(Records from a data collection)
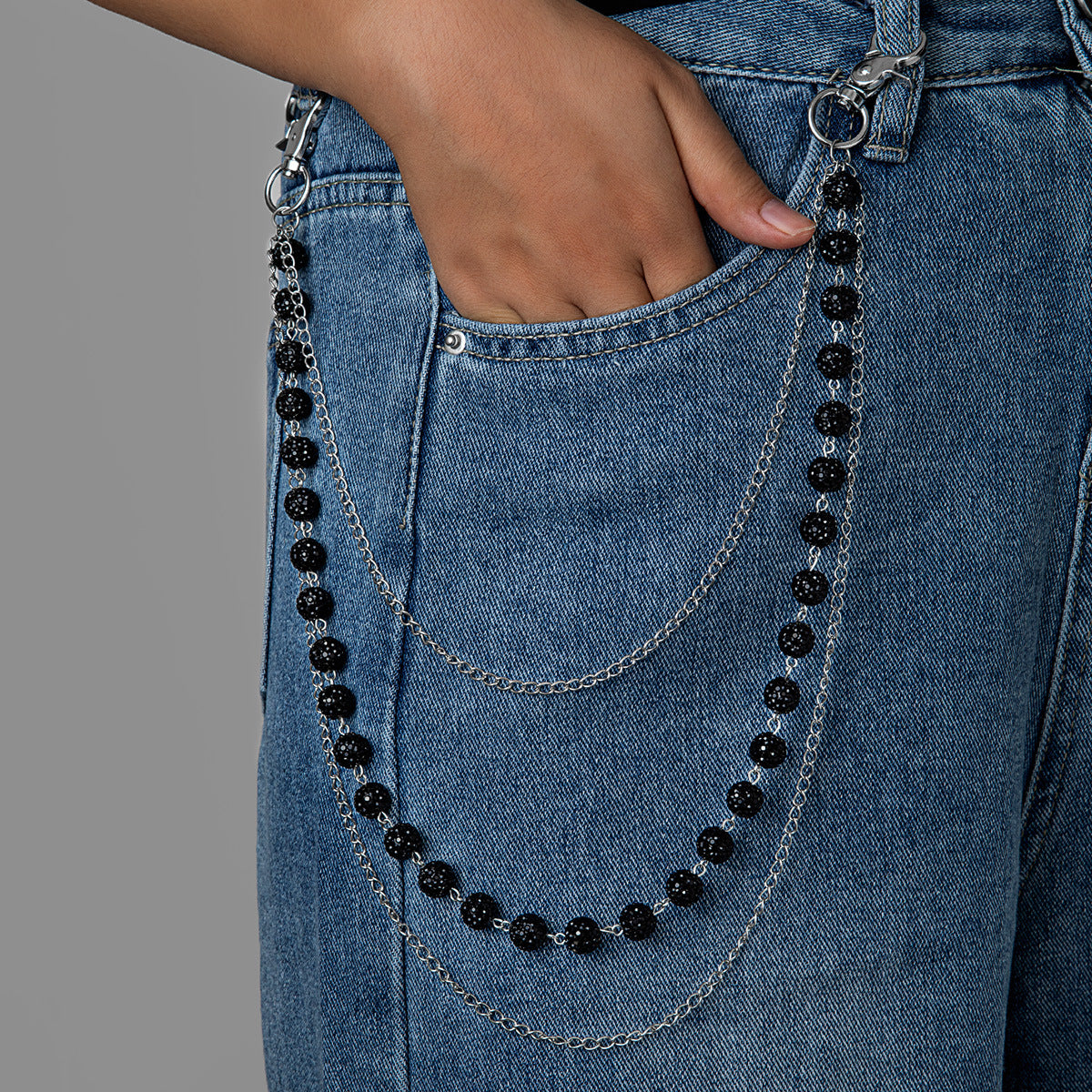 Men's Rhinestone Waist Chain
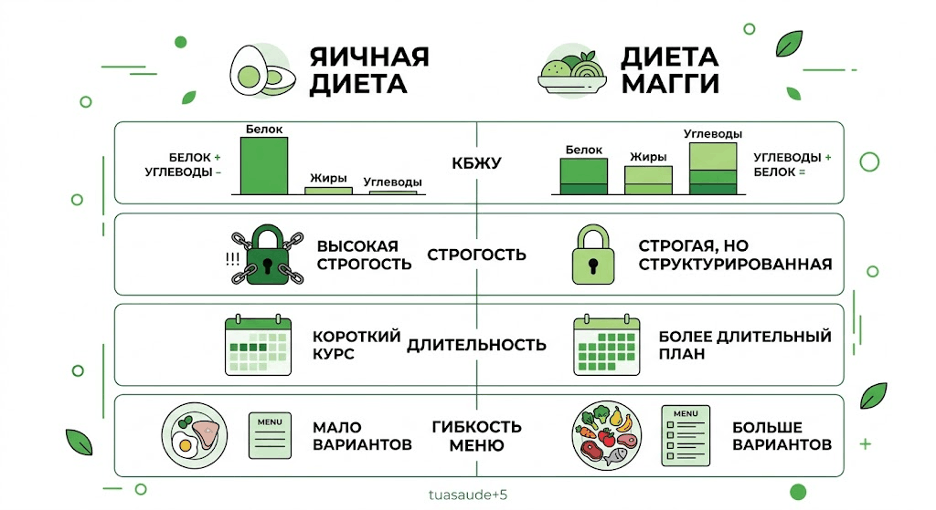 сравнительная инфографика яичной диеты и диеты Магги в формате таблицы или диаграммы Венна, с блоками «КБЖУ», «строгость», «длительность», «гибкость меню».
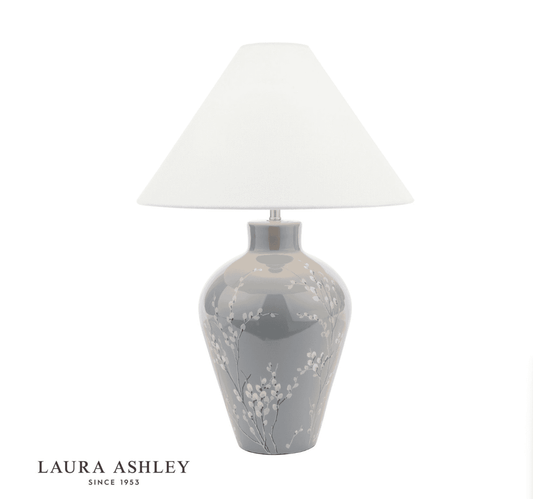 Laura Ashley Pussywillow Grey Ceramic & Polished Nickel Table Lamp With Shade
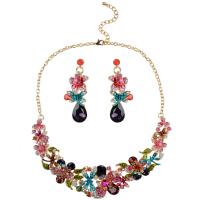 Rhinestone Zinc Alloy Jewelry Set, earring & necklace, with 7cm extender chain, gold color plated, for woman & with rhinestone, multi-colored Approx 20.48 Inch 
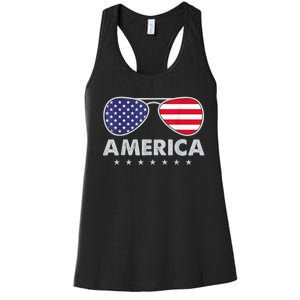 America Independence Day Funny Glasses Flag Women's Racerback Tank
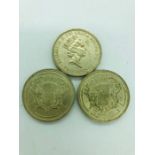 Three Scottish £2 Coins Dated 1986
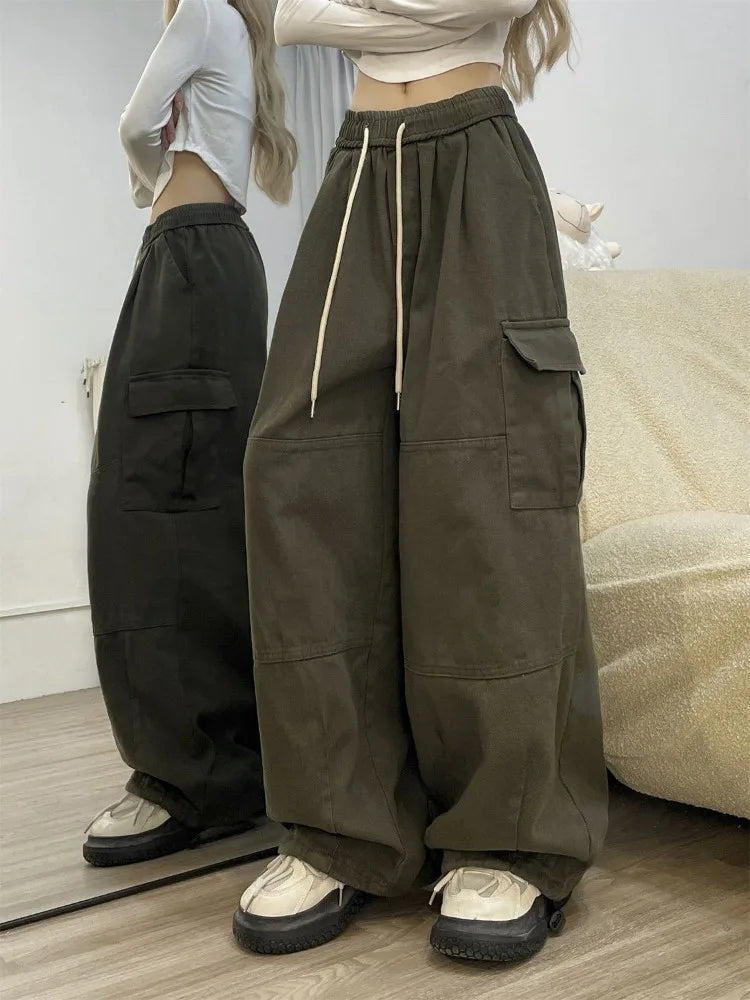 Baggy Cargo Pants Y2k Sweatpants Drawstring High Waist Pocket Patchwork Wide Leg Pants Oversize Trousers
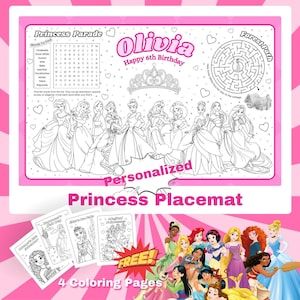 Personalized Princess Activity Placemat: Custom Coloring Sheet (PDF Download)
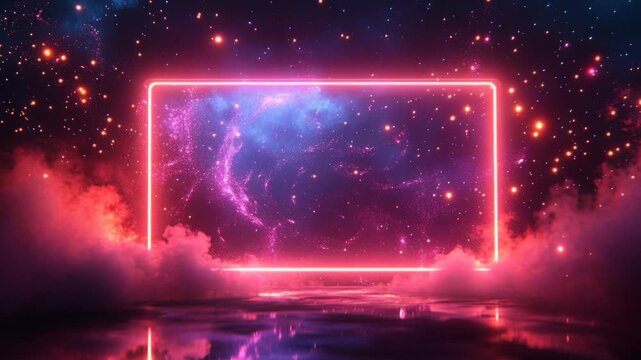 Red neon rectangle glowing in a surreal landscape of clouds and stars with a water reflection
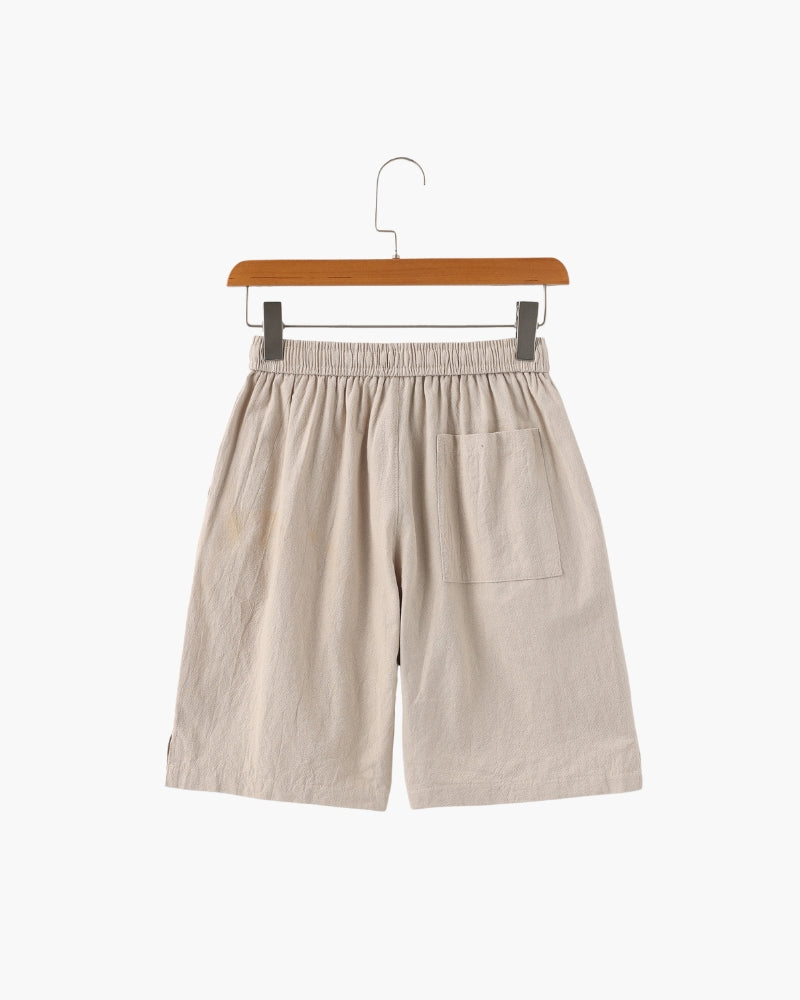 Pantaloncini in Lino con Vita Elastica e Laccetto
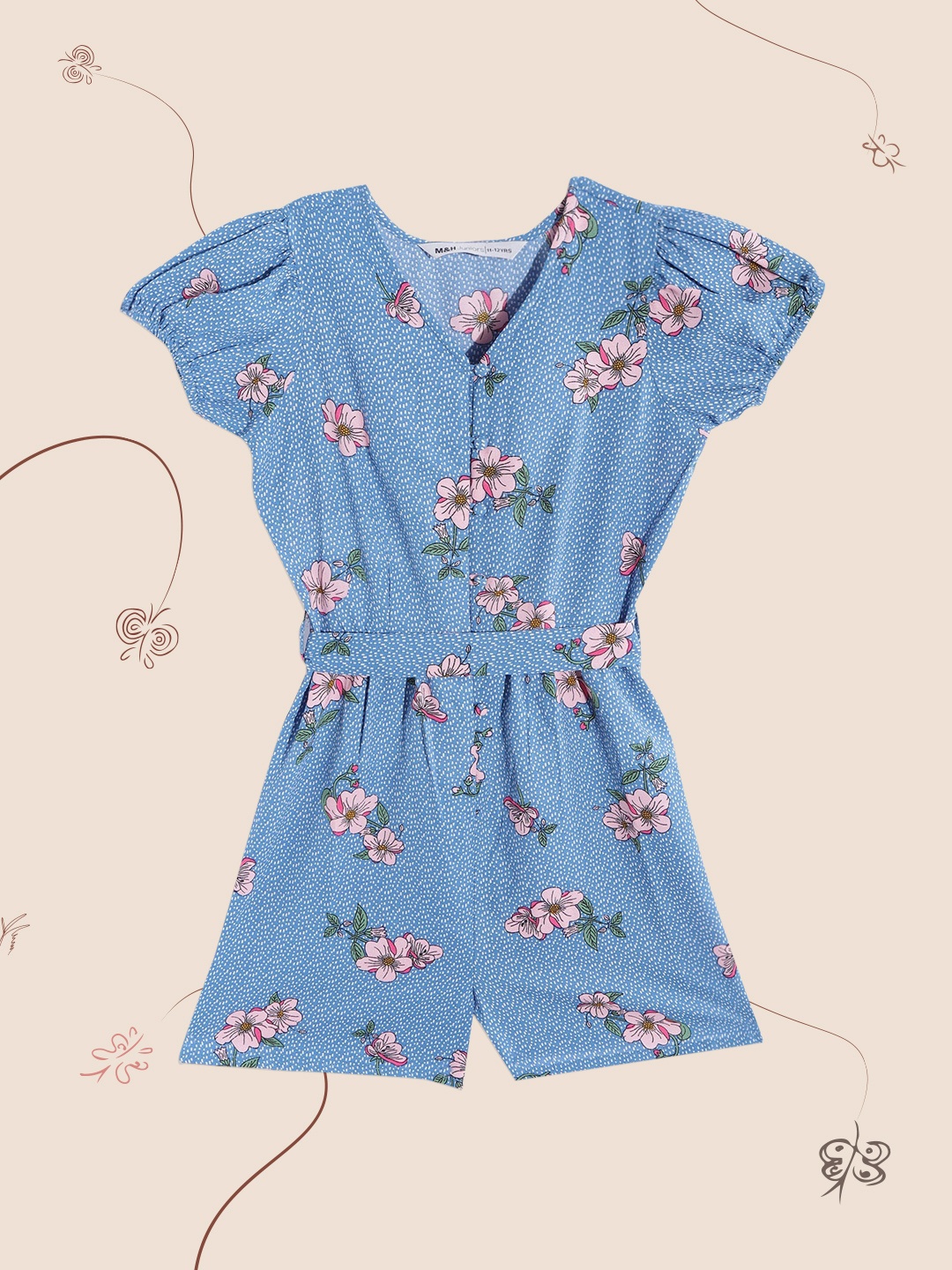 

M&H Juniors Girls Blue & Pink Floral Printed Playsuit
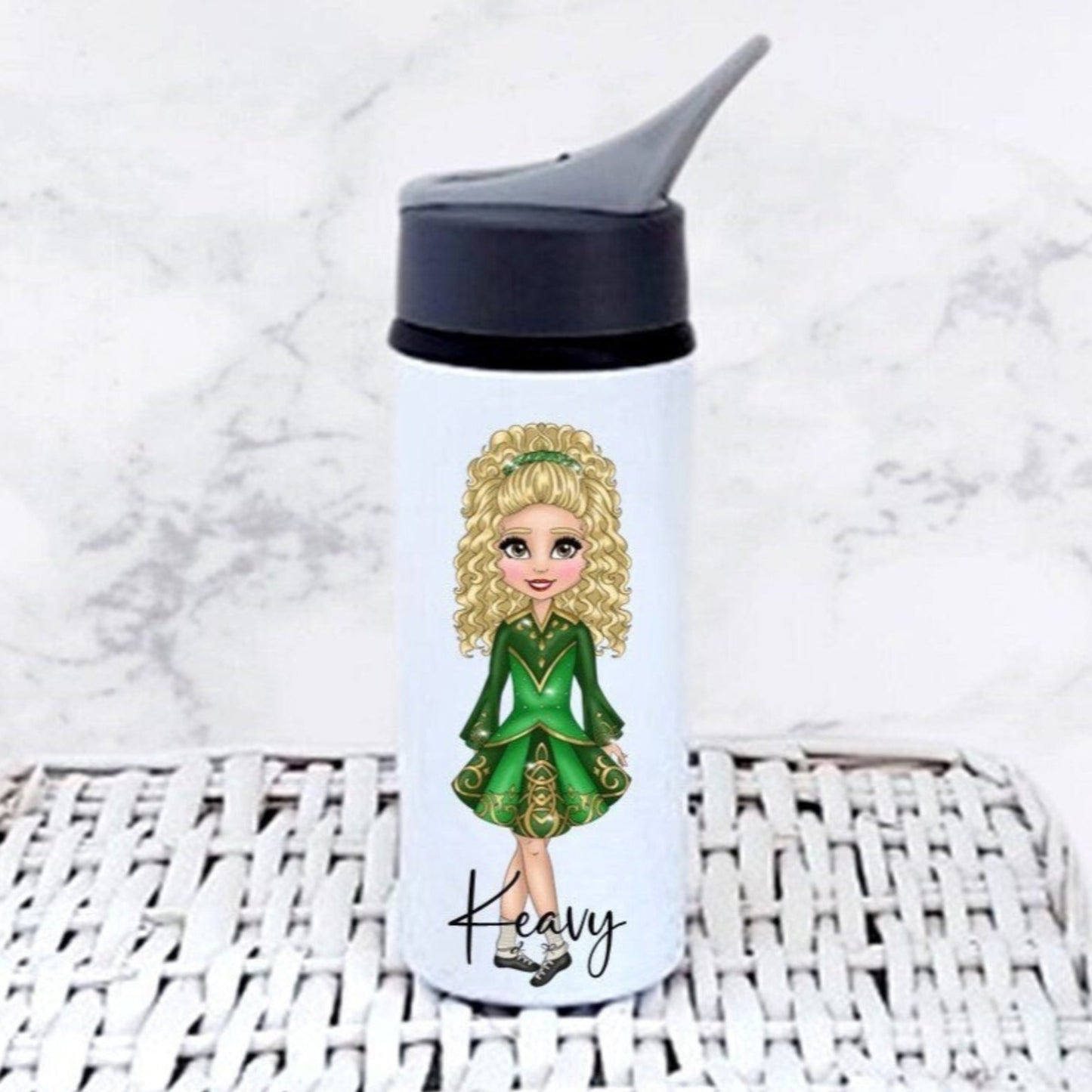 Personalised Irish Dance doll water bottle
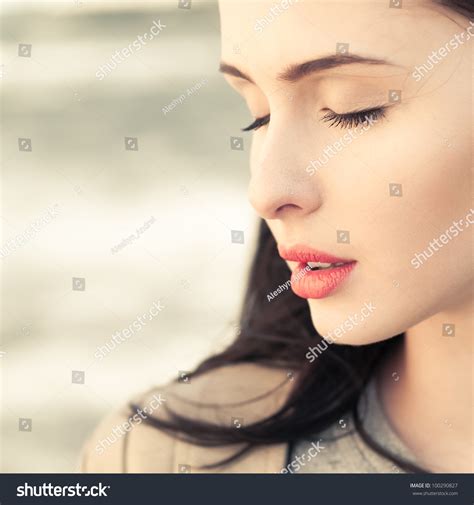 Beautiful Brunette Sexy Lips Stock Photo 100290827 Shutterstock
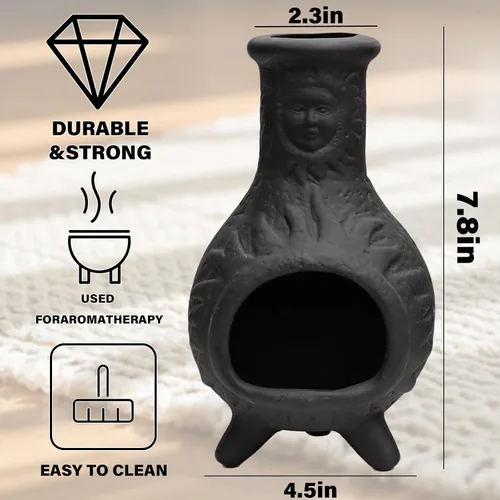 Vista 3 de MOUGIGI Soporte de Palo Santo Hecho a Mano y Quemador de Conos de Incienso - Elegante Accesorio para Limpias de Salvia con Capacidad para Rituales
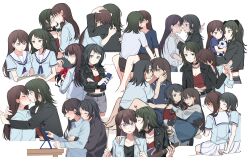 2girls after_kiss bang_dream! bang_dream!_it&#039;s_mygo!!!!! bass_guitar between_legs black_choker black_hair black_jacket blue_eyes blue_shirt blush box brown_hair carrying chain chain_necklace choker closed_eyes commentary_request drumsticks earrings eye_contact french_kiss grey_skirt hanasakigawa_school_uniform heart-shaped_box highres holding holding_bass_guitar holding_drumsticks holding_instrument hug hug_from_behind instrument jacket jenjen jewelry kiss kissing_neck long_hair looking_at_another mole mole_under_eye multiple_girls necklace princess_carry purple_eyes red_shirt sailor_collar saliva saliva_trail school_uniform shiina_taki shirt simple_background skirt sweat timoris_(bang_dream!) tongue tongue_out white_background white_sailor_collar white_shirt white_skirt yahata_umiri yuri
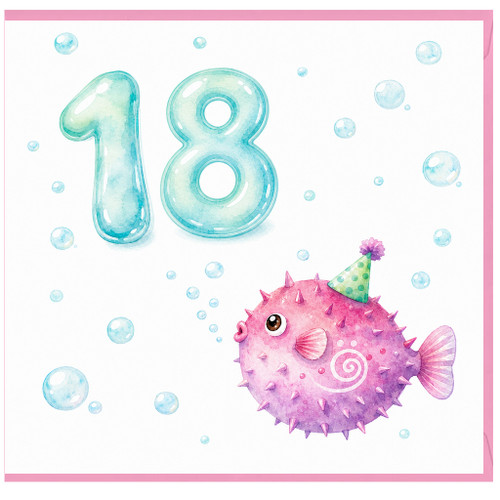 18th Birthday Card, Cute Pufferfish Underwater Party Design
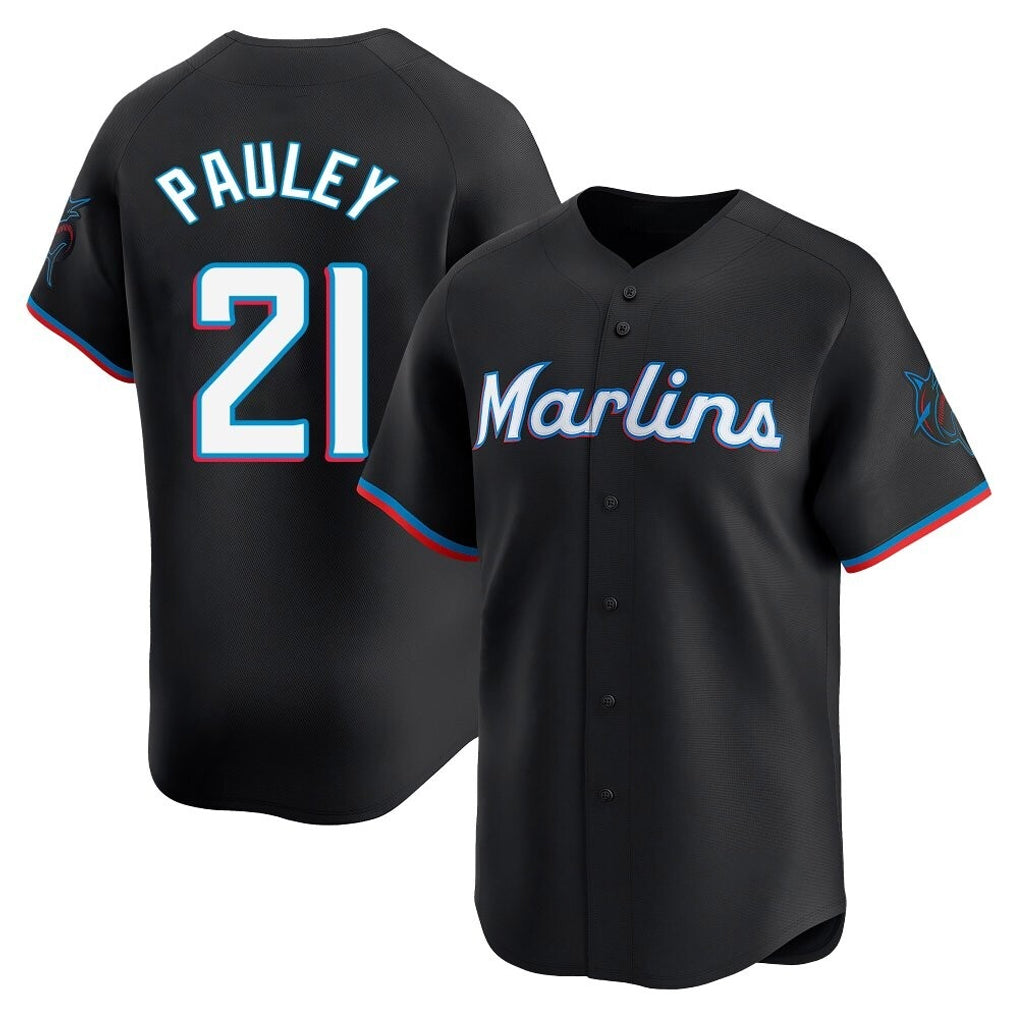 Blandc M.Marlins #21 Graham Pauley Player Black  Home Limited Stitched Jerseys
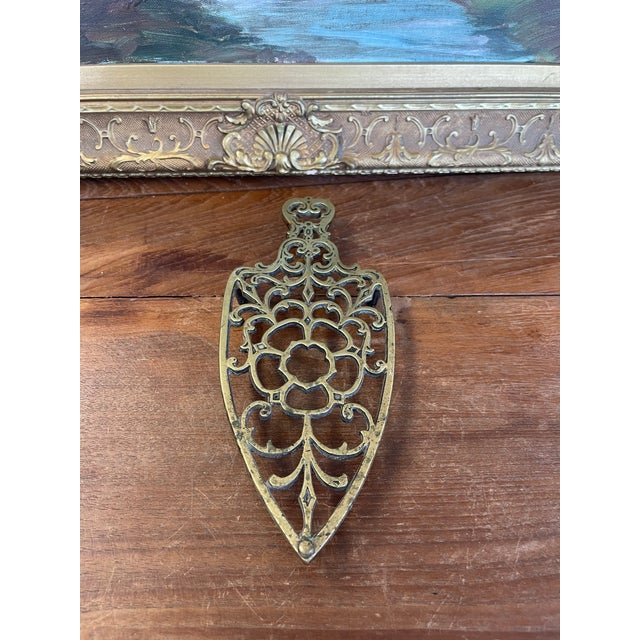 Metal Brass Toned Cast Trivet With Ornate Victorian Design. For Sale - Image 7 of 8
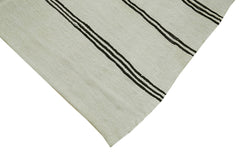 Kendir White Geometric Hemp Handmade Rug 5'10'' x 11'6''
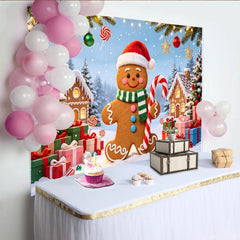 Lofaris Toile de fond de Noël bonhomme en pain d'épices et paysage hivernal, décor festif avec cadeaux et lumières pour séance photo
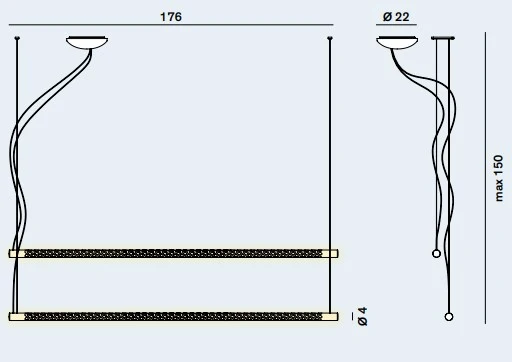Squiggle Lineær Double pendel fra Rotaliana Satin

Aim of the exercise: Without the pictures, give again exactly the lines above starting at the line containing "Red neon rectangle" and ending at the line containing "Vista 3 de MOUGIGI".

Problem solution:
 Red neon rectangle glowing in a surreal landscape of clouds and stars with a water reflection
 Pantaloncini in Lino con Vita Elastica e Laccetto

M&H Juniors Girls Blue & Pink Floral Printed Playsuit
 Personalised Irish Dance doll water bottle
 Beautiful Brunette Sexy Lips Stock Photo 100290827 Shutterstock
 Vista 3 de MOUGIGI Soporte de Palo Santo Hecho a Mano y Quemador de Conos de Incienso - Elegante Accesorio para Limpias de Salvia con Capacidad para Rituales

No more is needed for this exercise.